After the War, however, the covenant was left to tarnish. The Native nations who allied and fought side- by-side with their British and Canadian friends instead faced neglect and even worse, practices and policies designed to strip them of their lands, resources, and cultures. Canada’s Indian Act, passed in 1876, advanced the notion that Native peoples should be assimilated into the dominant Canadian society. To implement this idea a network system of residential schools administered by Christian churches was established. These schools did significant harm to indigenous children by removing them from their families, denying them use of their Native languages, exposing them to mental, physical, and sexual abuse by staff members, and coercing them to reject the tenets of their own cultural beliefs.

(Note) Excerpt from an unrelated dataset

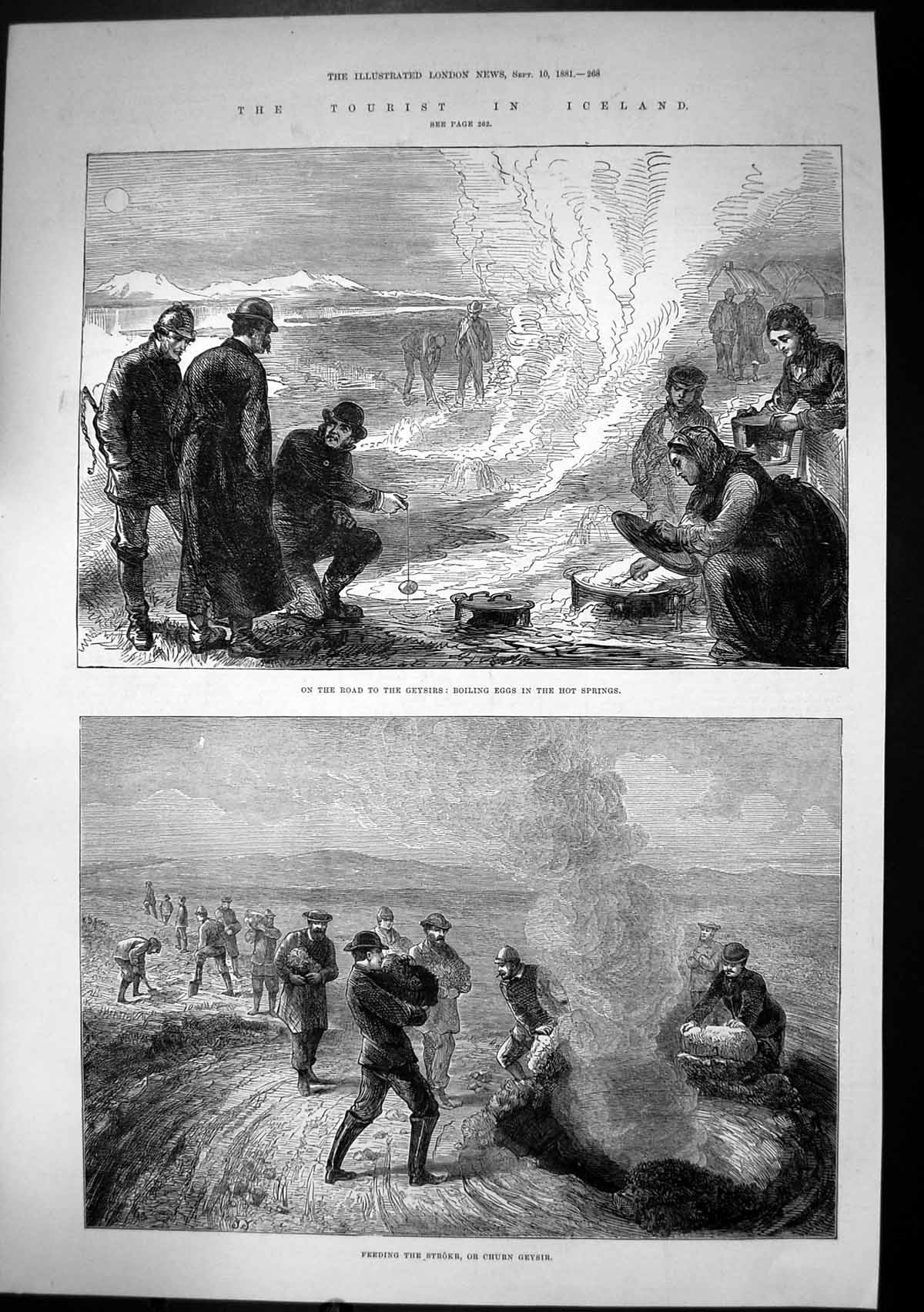 Antique Old Print Iceland Boiling Eggs Hot Springs Feeding Churn Geysir 1881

In 2008 the Canadian government issued a public apology for its historic behaviour and established a Truth and Reconciliation Commission to investigate and reveal the truth about the schools. Among its extensive list of recommendations is the development of appropriate educational materials that would establish Aboriginal peoples’ historical and contemporary contributions to Canada as a mandatory educational requirement for Kindergarten to grade twelve students. Landscape of Nations has been designed to directly address this recommendation. A primary and essential lesson is the example of Native contributions to Canada during the War of 1812.